*** Opening of THE DATA ***
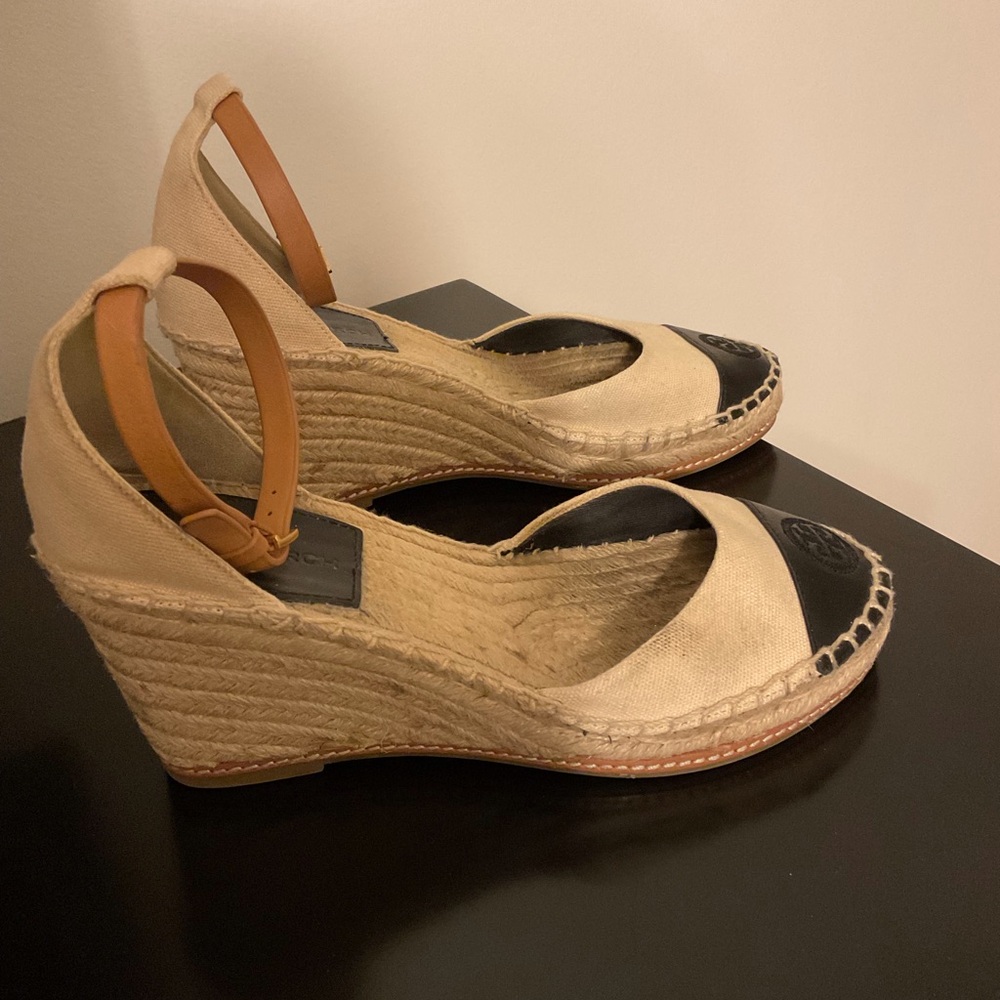 Tory Burch Color Block Wedge Espadrille Sandals - image 3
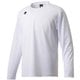 ワンポイントロングスリーブシャツ DMC-5801LB (WHT)ホワイト XAサイズ [スポーツウェア 長袖Tシャツ ユニセックス]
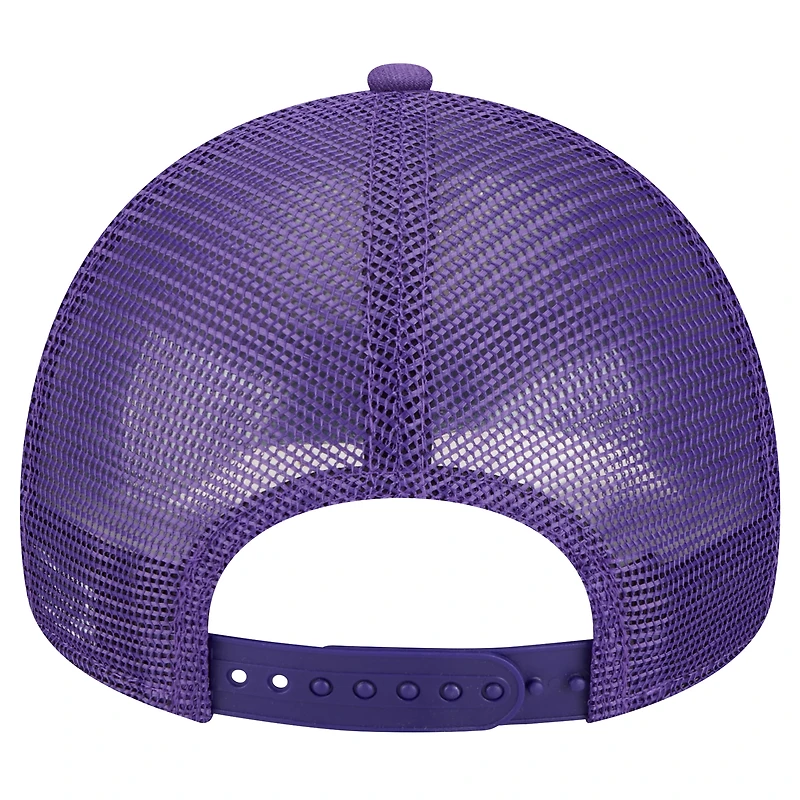 Casquette ajustable Peace & Love Trucker 9FORTY violette des Minnesota Vikings de New Era pour femme
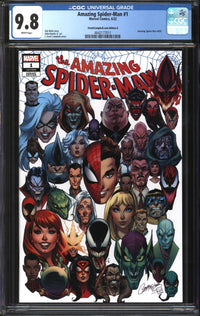 Amazing Spider-Man (2022) #1 JScottCampbell.com Edition G CGC 9.8 NM/MT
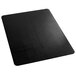 ES Robbins 128013 TrendSetter 48" x 36" Black Vinyl Rectangle Straight Edge Low Pile Carpet Chair Mat with AnchorBar Backing Main Thumbnail 2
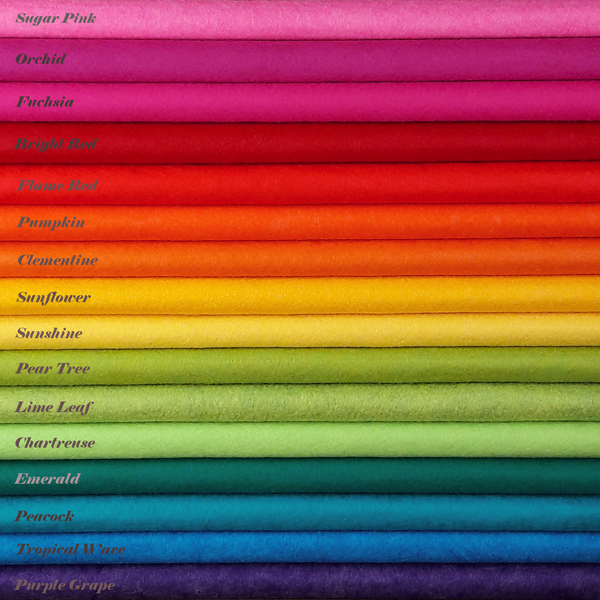 Wool Felt Pack ~ Tropical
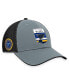 Фото #1 товара Men's Gray, Black St. Louis Blues Authentic Pro Home Ice Trucker Adjustable Hat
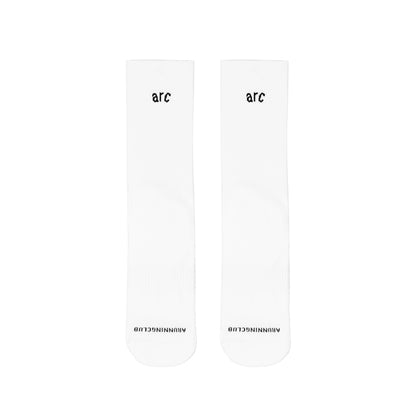 Run Crew Socks - White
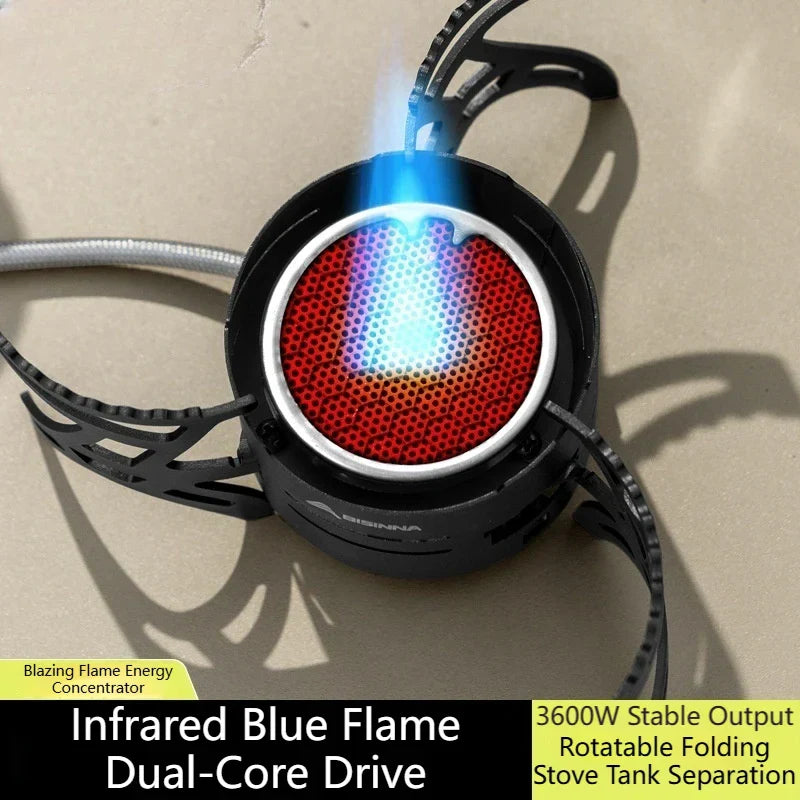 BowLift | Dual-Core Blue Flame Outdoor Cooking Stove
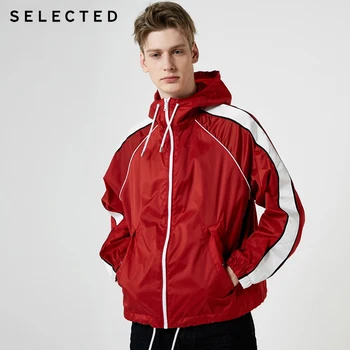 

SELECTED winter men's stripe hooded Coat | 419221508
*** Close of THE DATA ***
TASK STATEMENT: Once you have returned the line containing "Wool Felt Pack ~ Tropical", stop; begin at the first line of the material, keep each line exact, and skip the pictures.

SOLUTION TO THE PROBLEM:
 Tory Burch Color Block Wedge Espadrille Sandals - image 3
 ワンポイントロングスリーブシャツ DMC-5801LB (WHT)ホワイト XAサイズ [スポーツウェア 長袖Tシャツ ユニセックス]
 Casquette ajustable Peace & Love Trucker 9FORTY violette des Minnesota Vikings de New Era pour femme
 Amazing Spider-Man (2022) #1 JScottCampbell.com Edition G CGC 9.8 NM/MT
 ES Robbins 128013 TrendSetter 48" x 36" Black Vinyl Rectangle Straight Edge Low Pile Carpet Chair Mat with AnchorBar Backing Main Thumbnail 2
 Wool Felt Pack ~ Tropical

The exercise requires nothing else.